Украинские народные песни и стихи «малороссийских» поэтов были очень популярны в начале XIX века. В 1827 году М. А. Максимович выпустил антологию украинских народных песен[35 - В. В. Гиппиус пишет об успехе, который имели антология Максимовича и другие украинские публикации в русской литературной среде, в своей биографии Гоголя [Гиппиус 1994: 27; Максимович 1962].].
Периодические издания, посвященные украинской культуре, такие как «Украинский вестник», «Украинский журнал» и «Украинский альманах», активно читались в Петербурге. В эпической поэме Пушкина «Полтава» (1828) рассказывается о потерпевшей неудачу попытке украинского гетмана Мазепы добиться независимости от России. К. Ф. Рылеев (1795–1826) написал ряд стихов о казаках, в том числе поэму «Войнаровский» (1825)[36 - Подробно об образе Мазепы в литературе XIX века см. у Бабински [Babinsky 1974].]. Как писал Гиппиус, Украина интересовала русского читателя, потому что была «своя и не своя, соседняя, родственная и все же легко представляемая в свете полуреальной романтики, как “славянская Авзония”» [Гиппиус 1994: 27]. Интерес к прошлому Украины существовал не только у русских и украинских писателей, но и в Европе, и все эти литературные процессы были взаимосвязаны. Поэма Байрона «Мазепа» (написана в 1818 году, опубликована в 1819 году) была создана под влиянием вольтеровской «Истории Карла XII» и, в свою очередь, вдохновила русских писателей на то, чтобы воспринимать украинскую историю как материал для настоящего романтического эпоса. Впрочем, этот интерес русского общества к украинской народной культуре вовсе не предполагал глубокого знакомства с ней. Как писал Г. П. Федотов, «мы преступно мало интересовались прошлым Украины за три-четыре столетия, которые создали ее народность и ее культуру, отличную от Великороссии» [Федотов 1981:213].

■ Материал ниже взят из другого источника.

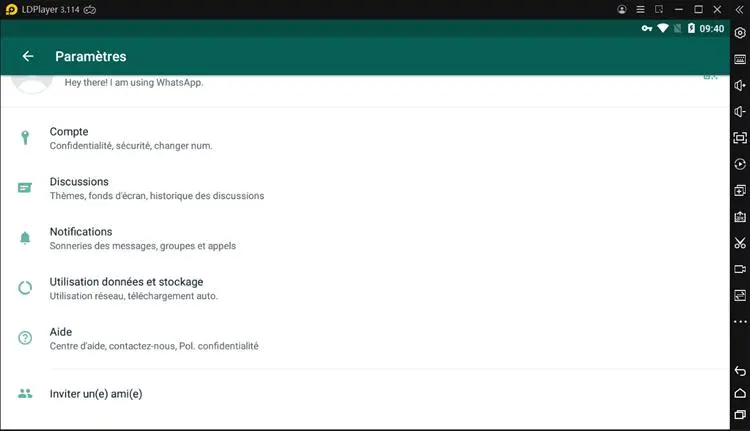 Configuration du compte WhatsApp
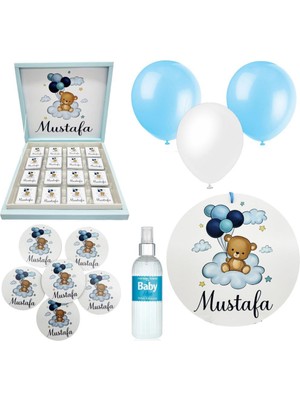 Mutlu Adım Bebek Doğum Hediyelik Süsleme Seti Çikolata Ahşap Magnet - Kapı Süsü - Kolonya - Balon Mod.10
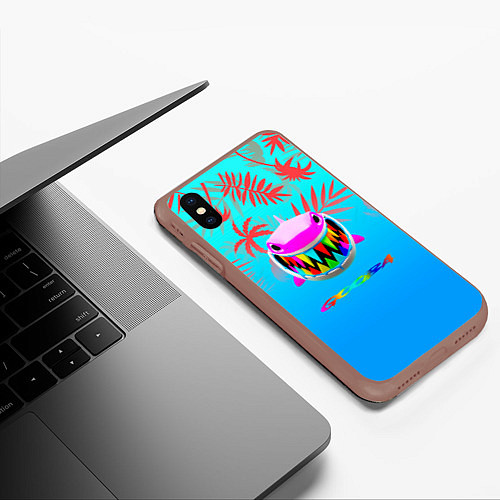 Чехол iPhone XS Max матовый 6IX9INE tropical / 3D-Коричневый – фото 3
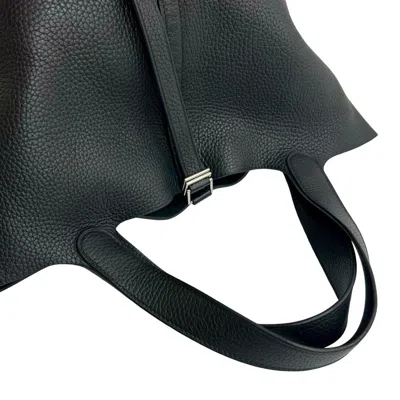 Pre-owned Hermes Black Taurillon Clemence Leather Handbag Tote Bag ()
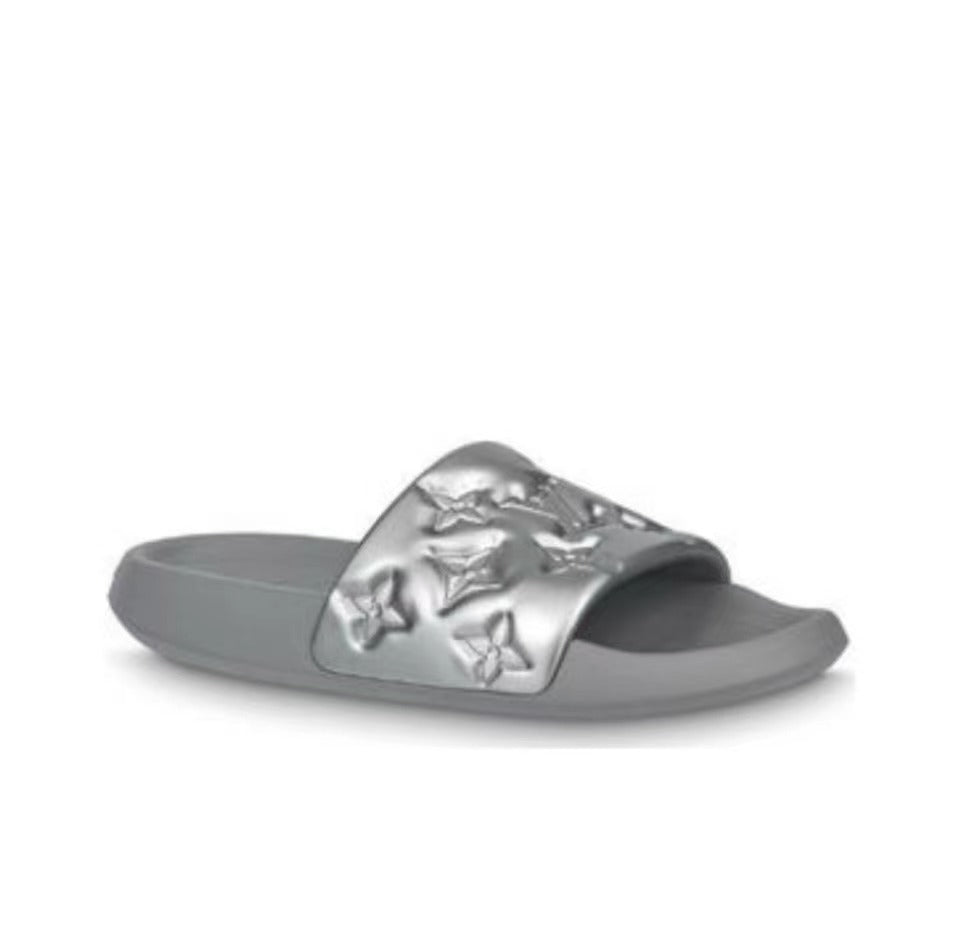 LOUIS VUITTON Waterfront Slide Slippers Men's Silver Gray - Banlieue91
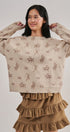 Western Cowboy Print Knit Pullover Sweater in Khaki - Women's Sweaters | Urban Daizy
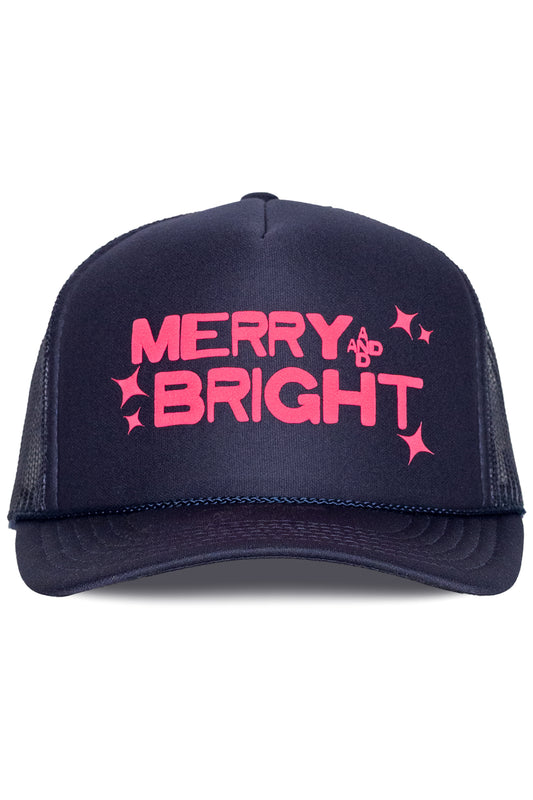 Merry & Bright Stars Trucker Hat in Navy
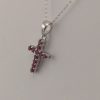 9ct White Gold Ruby Cross and Chain-895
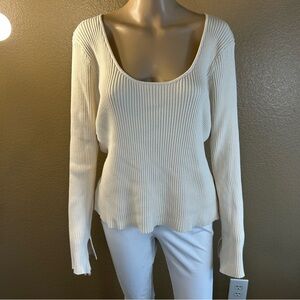 H&M Rib-Knit Top Light Beige Deep Neckline Long Sleeves with Slit at Cuff sz 3XL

Свой первый цикл рассказов «Вечера на хуторе близ Диканьки» Гоголь создал по совету украинского писателя и этнографа О. М. Сомова (1793–1836) [Leighton 1987:44]. В трактате 1824 года «О романтической поэзии» Сомов пишет об Украине, протестуя против расхожего мнения, будто русская литература слишком молода для того, чтобы быть способной выразить идею народности: «Не говоря уже о собственно русских, здесь являются малороссияне, с сладостными их песнями и славными воспоминаниями; там воинственные сыны тихого Дона и отважные переселенцы Сечи Запорожской: все они, соединяясь верою и пламенною любовью к отчизне, носят черты отличия в нравах и наружности» [Leighton 1987: 31; Сомов 1991: 8]. Сомову принадлежит сборник «Сказки о кладах», в который он включил истории и предания, собранные им в ходе любительских этнографических исследований; Джон Мерсеро – младший назвал эту книгу «солянкой из украинских баек, легенд и поверий»[37 - В. В. Гиппиус пишет, что на украинский фольклор опирались в своем творчестве и другие писатели и композиторы, например Полевой и Маркевич [Mersereau 1979: 210; Гиппиус 1994; Полевой 1997; Маркевич 1831]. См. также дискуссию об украинских народных песнях у Дэвида Сондерса [Saunders 1985: 160–165].]. Самыми популярными произведениями Сомова были сказочные повести «Киевские ведьмы» и «Недобрый глаз». Работая над своими ранними рассказами, Гоголь использовал в качестве фольклорного источника эти сомовские истории наряду с написанными на украинском языке пьесами своего отца и письмами от матери.
Поместив героев своих рассказов в Полтавскую губернию, Гоголь «заявил права» на эту территорию[38 - См. [Гиппиус 1994: 29].]. Действуя в традициях романтической литературы, Гоголь с помощью этнографических средств помещал знакомых героев в достоверный пейзаж. Однако его больше интересовала художественная сторона повествования, а не фольклорная. Гоголь пошел дальше, чем его собратья-этнографы, разработав то, что последователи формальной школы назовут сказом, – имитацию речи неграмотного рассказчика из народа, обращающегося к грамотному читателю. Как писал В. В. Виноградов, «параллельно с этой работой над вульгарно-сказовой и разговорно-речевой стихиями, над комическими превращениями формул “высокого” стиля, Гоголь прибегал к различным вариациям романтического стиля, их преобразуя и усложняя сторонними элементами» [Виноградов 1976: 215]. Этот стиль впоследствии трансформировался в так называемый «гоголевский натурализм», встречающийся в произведениях самых разных авторов, живших в этом регионе, в том числе Бабеля.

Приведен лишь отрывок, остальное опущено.